The conclusions that we are able to make are almost always loaded with caveats and assumptions. However, the questions being asked are often so important that we don’t have the luxury of completely deferring our conclusions until some imaginary later date when the stars align, and the inner workings of the world are magically revealed to us with complete clarity. No, we must often do our best with the information and resources that are available to us now. Therefore, when we make conclusions, we will have to be comfortable with the fact that they may be wholly or partially incorrect, there may be important exceptions, and we may have to revisit them again in the future when circumstances, or the information available to us, changes. Even when our conclusions are entirely correct, we will often not be able to prove as much with complete certainty. Said another way, our conclusions will rarely, if ever, be exactly correct or provable; however, sometimes they will still be useful for a given purpose.

That is an unsettling thought for many people, but it is true nevertheless, and we must become comfortable with it if we want to practice epidemiology. If it makes you feel any better, the history of public health, including epidemiology, is littered with notable examples of useful conclusions that were not entirely correct or not entirely proven, yet still extremely useful. For example, citrus fruit to prevent and cure scurvy, drinking tainted water as a cause of cholera infection, and tobacco smoke as a cause of lung cancer (and many other diseases).

1.3 Study design

So, let’s say that we are getting comfortable with uncertainty and we are ready to gather some measurements from people so that we can describe them, make predictions about them, and/or understand causes of health-related phenomena in their lives. How exactly do we do that? Well, there are many different ways! However, because we generally can’t gather measurements from every single person in the population we are interested in, we almost always need to gather measurements from a smaller sample of people in the population we are interested in.
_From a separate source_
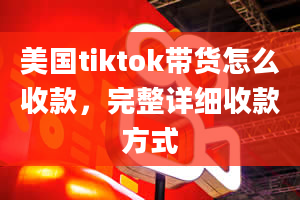 美国tiktok带货怎么收款，完整详细收款方式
It’s important that we classify the different ways that we can sample people to gather measurements from because each of the different ways has its own set of strengths and weaknesses that we need to be aware of. In the figure above, we briefly introduce some of the most common ways to sample people – also known as study designs – used in epidemiology.

At the first first level, we typically categorize a study designs as either experimental or observational.

Experiments are studies in which the researcher has control over who is exposed to something and who isn’t. We will discuss a particular kind of experimental study – the randomized controlled trial – as a tool to help us understand causal inference later in the book.

In observational studies, the person, nature, society, or some force other than the researcher controls who is exposed to something and who isn’t. Observational studies make up the vast majority of epidemiologic studies. In particular, we will focus heavily on cross-sectional studies, case-control studies, and cohort studies in this book.

1.4 Summary

As we’ve already seen, R is a powerful tool for accessing, managing, analyzing, and presenting data. In the chapters that follow, we will learn how to use R to describe, predict, and explain health-related phenomena in populations of people. We will also use R to help ourselves develop a more concrete understanding of the key concepts related to correctly carrying out epidemiologic research.

References

Porta M, ed. A Dictionary of Epidemiology. Oxford University Press; 2008.

Epistemology. In: Merriam-Webster Dictionary. Merriam-Webster; 2023.